### SOURCE RECORDS
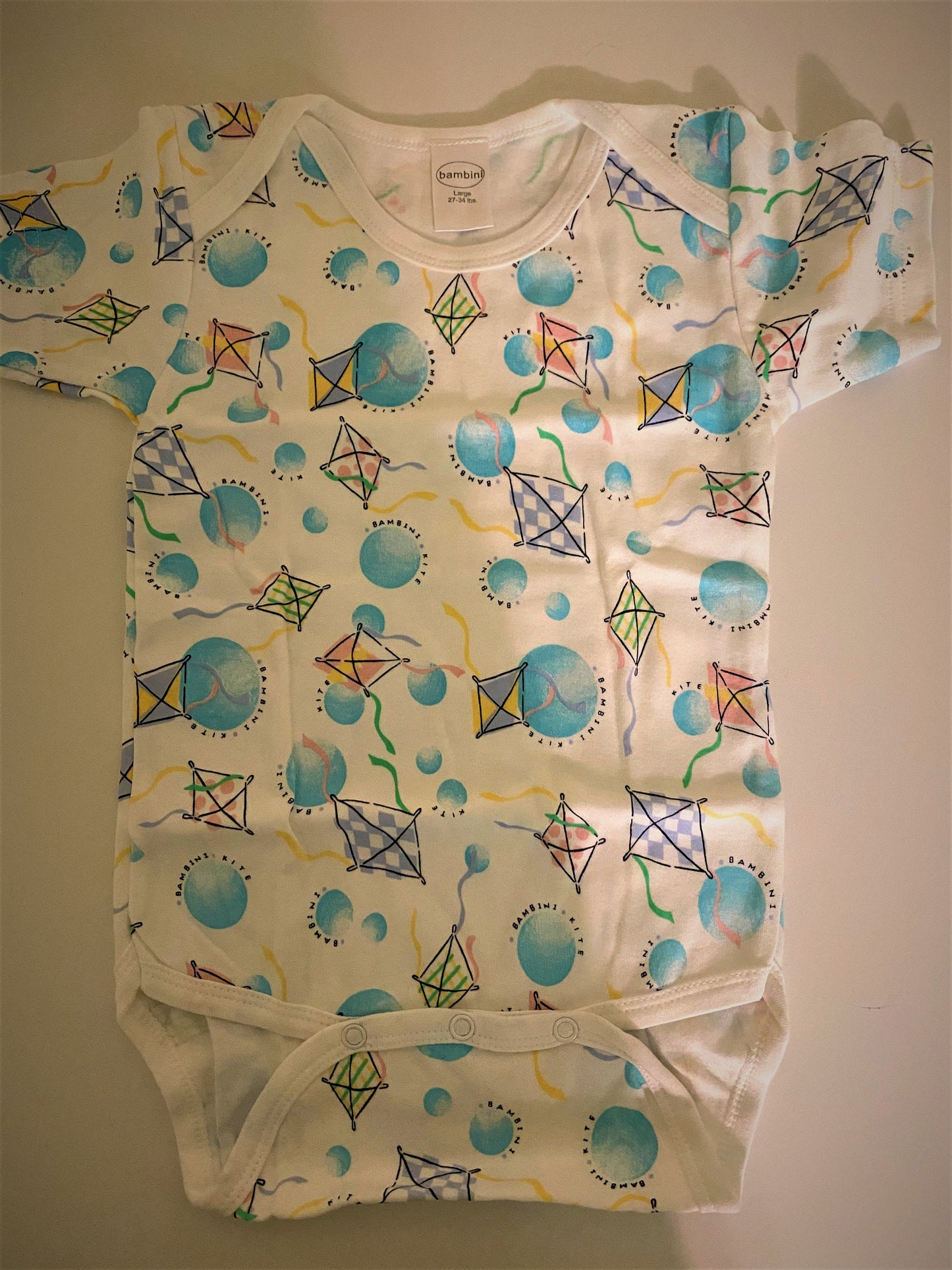 Set of three (3) short sleeve, infant/toddler bodysuit size L-27-34 LBS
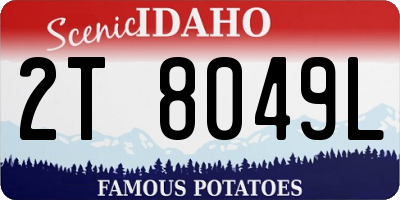 ID license plate 2T8049L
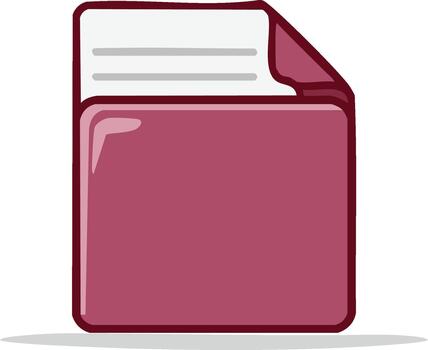 A folder icon with a document inside vector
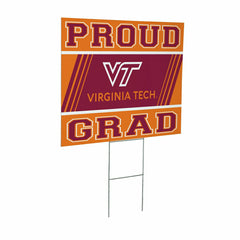 Virginia Tech Coroplast Yard Sign Graduate, Collegiate, Home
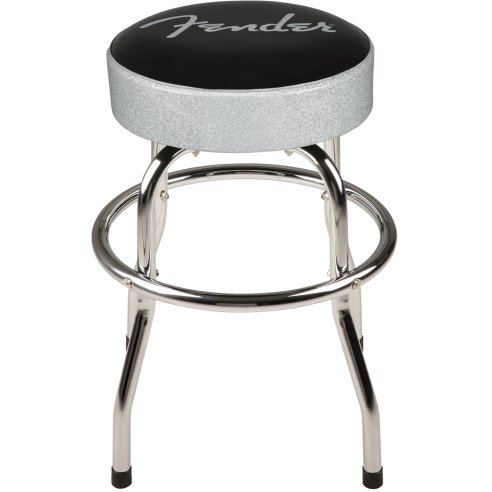 FENDER SILVER SPARKLE BAR STOOL 30"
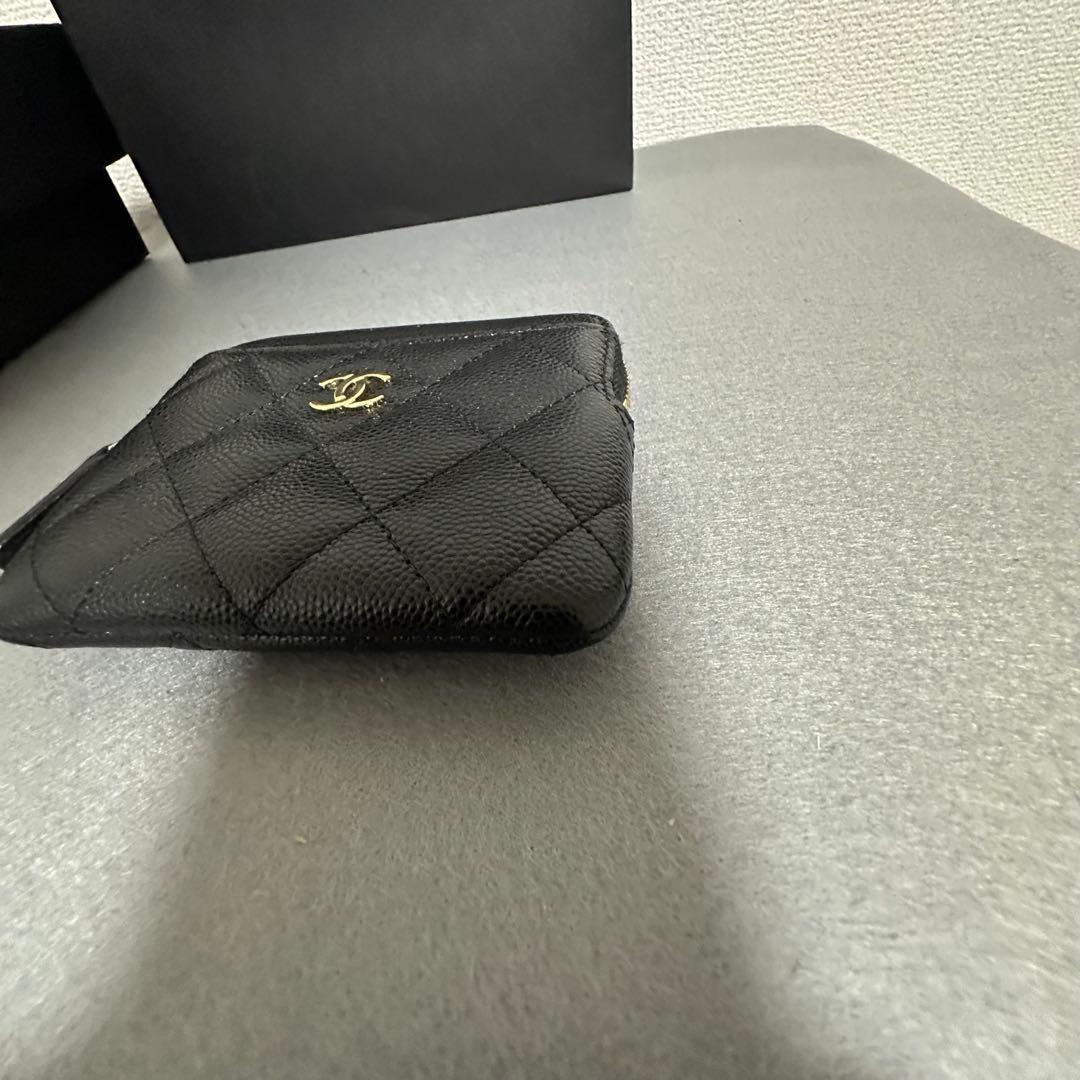 ほぼ未使用CHANEL キャビアスキン　マトラッセ　ケース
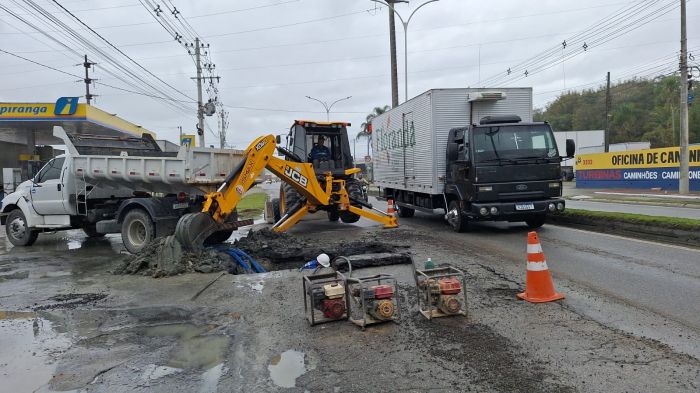 Obras incluem conserto emergencial e implantação da nova estação de tratamento (Foto: Divulgação)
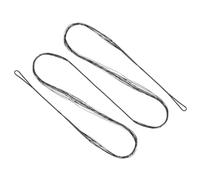 PATIKIL Corda per Arco Ricurvo, Corde Tiro Arco Sostituzione 14 Fili Corda Arco Lungo per Attrezzatura Tiro Arco Universale, Nero Amo 62"(Effettivo 58")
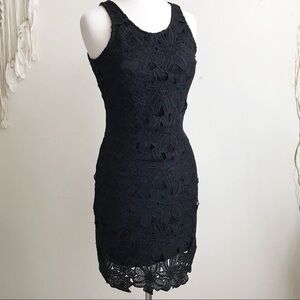 LBD Black lace mini dress size S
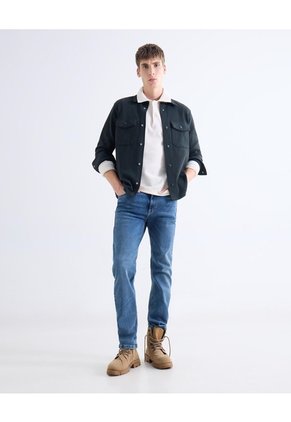 Polo En Tricot  Para Hombre Marfil Seven Seven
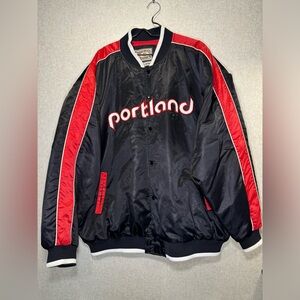 Vtg NBA Hardwood Classics Portland Trail Blazers G-III  Carl Banks Jacket XXXL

### WORK REQUEST
For this exercise, reproduce the data above exactly from the line containing "Virginia Tech Coroplast" through its final line, both ends included, with no pictures in the copy.

### RESULT OF THE TASK
 Virginia Tech Coroplast Yard Sign Graduate, Collegiate, Home
 FENDER SILVER SPARKLE BAR STOOL 30"
 ほぼ未使用CHANEL キャビアスキン　マトラッセ　ケース
 Obras incluem conserto emergencial e implantação da nova estação de tratamento (Foto: Divulgação)
 PATIKIL Corda per Arco Ricurvo, Corde Tiro Arco Sostituzione 14 Fili Corda Arco Lungo per Attrezzatura Tiro Arco Universale, Nero Amo 62"(Effettivo 58")
 LBD Black lace mini dress size S
 Polo En Tricot  Para Hombre Marfil Seven Seven
 Vtg NBA Hardwood Classics Portland Trail Blazers G-III  Carl Banks Jacket XXXL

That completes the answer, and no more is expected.